Personally, I think that what you had the participants in the shootoff do was COMMENDABLE...and it is about time that it was done. I felt that it gave a real shot in the arm to the shootoffs, and made those 15 great shooters PEOPLE instead of something inanimate and put up on a pedestal. Interaction with the audience, be it even brief as it was...is, IMHO, a good thing, and this should become a standard part of the shootoff in the WAF and NFAA when applicable.

The only thing I might add....at the conclusion, it would have been even better to have interviewed Michale Braden as well as the winner, Dave Cousins.

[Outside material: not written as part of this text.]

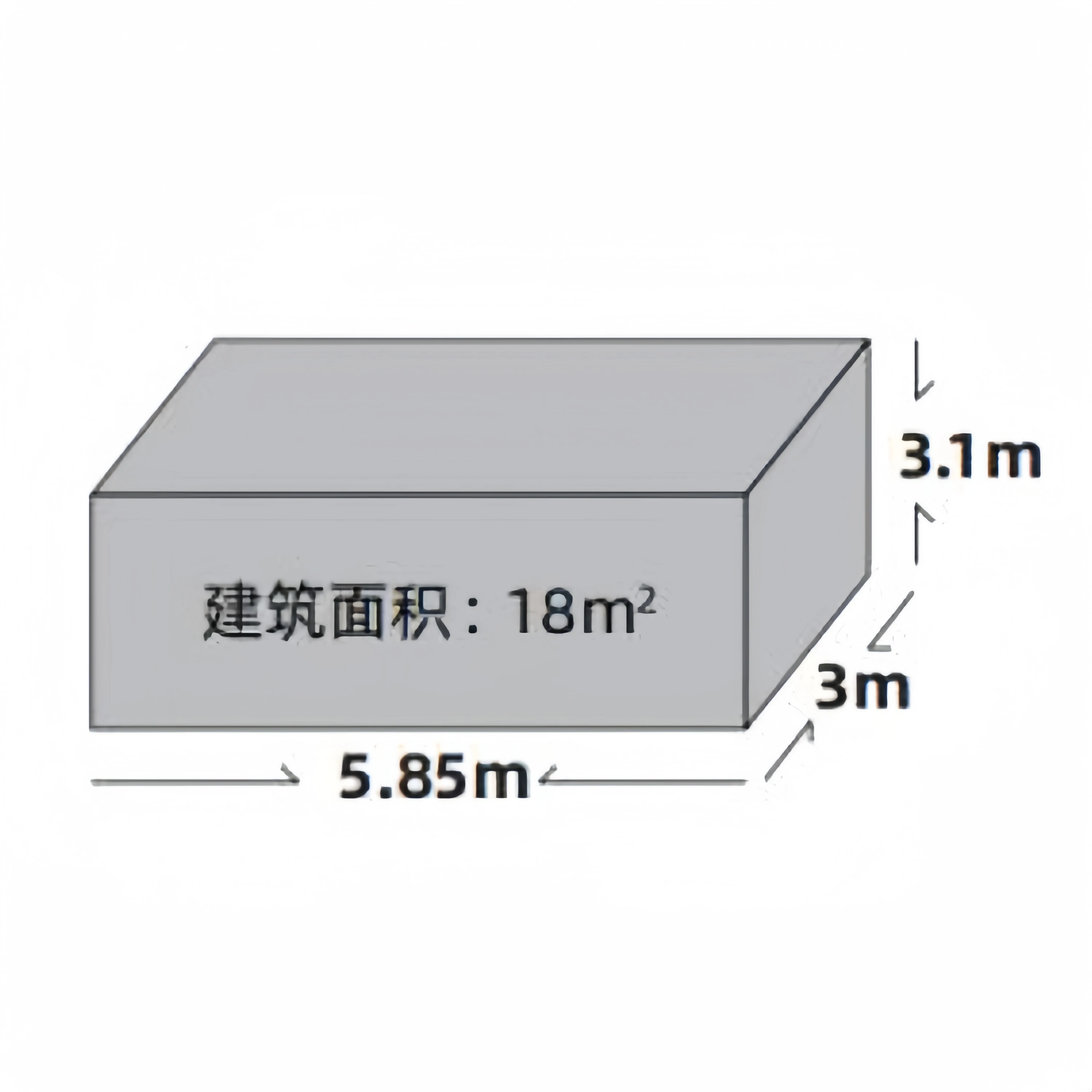 Ready-to-use Hotel Room Capsule Cabin Capsule Room Mobile Home Prefabricated Houses Resort Projects Capsule House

I don't think it was a diversion at all, nor was it any attempt on anyone's part to "ICE" the competitors.....everyone was treated equally....and fair, and given the opportunity to say whatever they wanted (within reason, and a mixed audience standpoint, haha). You don't "ICE" those guys.....they LOVE IT and the attention, and it probably helps settle them down and start THINKING. Next time, everyone will expect this, and I feel it should be done everytime from this point forward.

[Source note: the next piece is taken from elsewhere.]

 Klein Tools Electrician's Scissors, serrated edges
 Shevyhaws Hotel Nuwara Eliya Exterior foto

GOOD JOB, DIANE...and I commend you for getting outside the box with some INSIGHT AND FORESIGHT...and some PROACTIVE type of PROmotion of the PROfessional and Championship Divisions!

field14:wink::tongue:


----------



## Alexam (Mar 3, 2008)

*Dave Cousins*

What a fantastic Ambasador of the sport he is. Congratulations to a deserving winner at Vegas and I really enjoyed the video. One day I hope to shoot as well! Keep up the good work Dave.:wink:


----------



## sweryap (Aug 16, 2006)

This is my first exposure to vegas and everything that it entails and I must thank you for sharing the video. I see some comments about getting this event national TV coverage and I agree that the event has potential for national coverage however the format that is in this video does not lend itself to the average TV viewer. There is too much going on in the initial rounds. TV viewers need to focus on smaller situations (ie a golfer trying to reach a par 5 in 2 or a poker player trying to bluff with a 10 6 offsuit) to maintain interest. The format needs to be broken down into smaller groups possibly at a slower pace so that there will be room for commentary and time for viewers to think about what is going through the archers mind as they are taking the shot. Sports on TV is all about relating to the athlete and the format of this event could be tweaked to cater to that.


----------



## DarrinM (May 21, 2002)

xshot13b said:


> DarrinM,
> 
> I get IT just fine I was just trying to get some responses going about putting them on the spot. I understand their pros, not my first rodeo. Basically just trying to get a positive thread going on AT for once but way to step up and turn it into a negative thing. People like you shouldn't post ***Foul language and personal attacks will not be tolerated!***


I'm sorry I missed the "positive" connotation of the word "teasing" in your first post.....:zip: 



r49740 said:


> I thought the video was great. I appreciate the opportunity to watch it even though I wasn't able to put myself in the position to go.
> 
> I thought it was interesting when someone's cell phone started ringing from the audience. What happens when that happens in a golf tourney??
> 
> Also, I can't remember what end it was, but I remember watching Hopkins start leaving the line when the gentleman in from of him was still aiming. Then stopped and stood there. Wonder if that broke the concentration at all for the archer aiming.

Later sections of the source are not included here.